US slams officials over rights abuses
WASHINGTON: The Trump administration imposed sanctions on Thursday on 10 North Korean officials and organisations over human rights abuses and censorship, including a diplomat in China accused of forcing North Korean asylum seekers home.
It’s the latest step in a US effort to increase diplomatic and economic pressure on Pyongyang, and seek “accountability” for officials of its authoritarian government.
The action was announced in conjunction with a new State Department report on dire human rights conditions in the isolated nation said to include extrajudicial killings, forced labour, torture, prolonged arbitrary detention and rape. The report, required by Congress, highlights abuses the US says underwrite the North’s nuclear weapons programme, including revenues it derives from overseas labourers. Thousands of North Koreans are sent abroad every year to work in “slave-like” conditions, it says.

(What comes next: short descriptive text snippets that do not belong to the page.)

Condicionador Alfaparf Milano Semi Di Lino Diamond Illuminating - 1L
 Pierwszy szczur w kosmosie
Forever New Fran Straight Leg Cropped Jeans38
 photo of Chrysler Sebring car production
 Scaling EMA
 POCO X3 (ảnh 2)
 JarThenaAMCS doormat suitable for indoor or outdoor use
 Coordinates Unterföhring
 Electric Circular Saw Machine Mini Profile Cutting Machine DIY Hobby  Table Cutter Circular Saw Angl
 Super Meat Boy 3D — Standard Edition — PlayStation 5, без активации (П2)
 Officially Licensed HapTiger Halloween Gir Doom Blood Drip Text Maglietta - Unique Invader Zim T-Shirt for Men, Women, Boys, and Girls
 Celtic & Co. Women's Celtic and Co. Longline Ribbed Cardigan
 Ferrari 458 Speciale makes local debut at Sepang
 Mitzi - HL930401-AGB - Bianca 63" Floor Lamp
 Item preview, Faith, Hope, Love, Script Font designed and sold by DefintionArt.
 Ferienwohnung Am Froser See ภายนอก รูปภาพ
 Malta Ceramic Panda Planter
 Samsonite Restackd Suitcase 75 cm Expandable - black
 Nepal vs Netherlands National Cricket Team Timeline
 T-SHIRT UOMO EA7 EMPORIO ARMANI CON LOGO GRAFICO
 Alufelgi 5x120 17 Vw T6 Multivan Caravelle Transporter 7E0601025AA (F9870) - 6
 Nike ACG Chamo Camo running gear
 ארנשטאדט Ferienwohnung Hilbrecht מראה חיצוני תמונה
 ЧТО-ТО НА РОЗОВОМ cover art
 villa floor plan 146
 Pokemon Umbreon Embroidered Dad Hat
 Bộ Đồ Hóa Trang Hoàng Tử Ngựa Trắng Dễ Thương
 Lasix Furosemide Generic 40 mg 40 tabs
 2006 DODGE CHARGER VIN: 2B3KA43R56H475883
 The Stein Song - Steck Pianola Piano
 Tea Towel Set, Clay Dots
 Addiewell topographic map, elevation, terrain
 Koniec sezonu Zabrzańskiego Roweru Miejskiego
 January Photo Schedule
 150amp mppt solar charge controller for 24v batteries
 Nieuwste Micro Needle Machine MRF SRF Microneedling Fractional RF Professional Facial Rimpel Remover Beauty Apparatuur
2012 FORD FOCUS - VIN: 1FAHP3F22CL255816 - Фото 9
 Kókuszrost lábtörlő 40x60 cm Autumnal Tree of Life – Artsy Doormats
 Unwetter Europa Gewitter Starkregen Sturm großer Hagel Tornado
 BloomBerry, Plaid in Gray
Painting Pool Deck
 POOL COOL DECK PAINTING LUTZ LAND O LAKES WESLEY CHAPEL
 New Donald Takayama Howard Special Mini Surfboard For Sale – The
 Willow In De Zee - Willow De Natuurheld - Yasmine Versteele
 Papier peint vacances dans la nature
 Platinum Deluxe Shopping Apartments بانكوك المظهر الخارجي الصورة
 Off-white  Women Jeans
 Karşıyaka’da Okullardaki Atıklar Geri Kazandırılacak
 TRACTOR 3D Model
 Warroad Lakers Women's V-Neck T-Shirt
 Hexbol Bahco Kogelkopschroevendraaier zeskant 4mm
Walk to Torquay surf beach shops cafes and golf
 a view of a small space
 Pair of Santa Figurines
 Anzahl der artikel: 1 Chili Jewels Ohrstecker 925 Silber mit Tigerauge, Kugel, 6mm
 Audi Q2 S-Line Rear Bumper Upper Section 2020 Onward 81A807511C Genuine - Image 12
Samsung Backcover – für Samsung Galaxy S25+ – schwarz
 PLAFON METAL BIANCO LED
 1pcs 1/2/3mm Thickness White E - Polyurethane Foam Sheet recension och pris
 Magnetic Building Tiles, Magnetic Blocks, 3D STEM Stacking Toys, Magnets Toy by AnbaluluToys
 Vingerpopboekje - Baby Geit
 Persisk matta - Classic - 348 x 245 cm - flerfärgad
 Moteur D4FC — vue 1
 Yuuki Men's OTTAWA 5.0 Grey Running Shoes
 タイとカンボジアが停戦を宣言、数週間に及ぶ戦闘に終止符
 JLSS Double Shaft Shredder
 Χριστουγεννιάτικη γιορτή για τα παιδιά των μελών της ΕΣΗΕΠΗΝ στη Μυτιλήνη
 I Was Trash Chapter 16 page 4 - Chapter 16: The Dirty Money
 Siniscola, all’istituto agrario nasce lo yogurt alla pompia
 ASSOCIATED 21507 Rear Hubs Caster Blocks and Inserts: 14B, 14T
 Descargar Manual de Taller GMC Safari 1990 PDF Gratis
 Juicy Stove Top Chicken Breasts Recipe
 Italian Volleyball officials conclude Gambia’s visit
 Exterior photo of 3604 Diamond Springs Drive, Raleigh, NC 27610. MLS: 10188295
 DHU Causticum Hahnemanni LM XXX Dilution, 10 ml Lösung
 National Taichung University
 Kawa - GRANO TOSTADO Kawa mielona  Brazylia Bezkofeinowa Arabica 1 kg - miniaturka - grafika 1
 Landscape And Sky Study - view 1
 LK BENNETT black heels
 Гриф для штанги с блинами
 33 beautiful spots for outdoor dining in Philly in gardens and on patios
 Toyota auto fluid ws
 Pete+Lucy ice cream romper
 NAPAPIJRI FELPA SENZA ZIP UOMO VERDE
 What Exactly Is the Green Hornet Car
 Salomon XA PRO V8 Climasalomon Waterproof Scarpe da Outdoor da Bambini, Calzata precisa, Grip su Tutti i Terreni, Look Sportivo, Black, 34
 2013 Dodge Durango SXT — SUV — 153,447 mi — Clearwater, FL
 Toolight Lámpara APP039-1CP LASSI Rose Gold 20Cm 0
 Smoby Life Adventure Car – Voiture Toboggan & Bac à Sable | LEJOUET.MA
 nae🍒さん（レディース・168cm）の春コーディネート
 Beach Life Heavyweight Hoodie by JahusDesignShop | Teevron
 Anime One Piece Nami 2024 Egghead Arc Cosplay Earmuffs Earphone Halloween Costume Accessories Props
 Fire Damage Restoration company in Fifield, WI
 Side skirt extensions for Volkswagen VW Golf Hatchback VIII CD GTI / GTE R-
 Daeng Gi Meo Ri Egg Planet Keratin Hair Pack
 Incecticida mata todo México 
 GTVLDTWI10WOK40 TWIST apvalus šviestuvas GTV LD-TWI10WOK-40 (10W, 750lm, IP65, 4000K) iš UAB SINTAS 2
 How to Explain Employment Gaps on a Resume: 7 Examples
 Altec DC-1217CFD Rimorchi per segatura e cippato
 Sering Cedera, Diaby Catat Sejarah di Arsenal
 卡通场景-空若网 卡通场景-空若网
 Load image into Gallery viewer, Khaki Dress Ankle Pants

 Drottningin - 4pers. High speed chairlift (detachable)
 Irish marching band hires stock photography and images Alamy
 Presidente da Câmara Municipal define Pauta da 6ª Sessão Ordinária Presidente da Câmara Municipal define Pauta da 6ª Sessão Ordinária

Among the seven officials and three entities put on the Treasury Department’s Office of Foreign Assets Control blacklist Thursday were the commander of the Military Security Command, Jo Kyong-chol; minister of labour, Jong Yong-su; and director of the external construction bureau, Kim Kang-jin. The bureau is the government agency that manages the construction firms that send labourers overseas. Also sanctioned was Chol Hyun Construction, a North Korean company that exports workers, primarily to Gulf states and Africa.
“We aim to send a signal to all DPRK government officials, particularly prison camp managers and mid-level officials, that we can and we will expose human rights abuses,” said Scott Busby, a senior official in the department’s human rights bureau.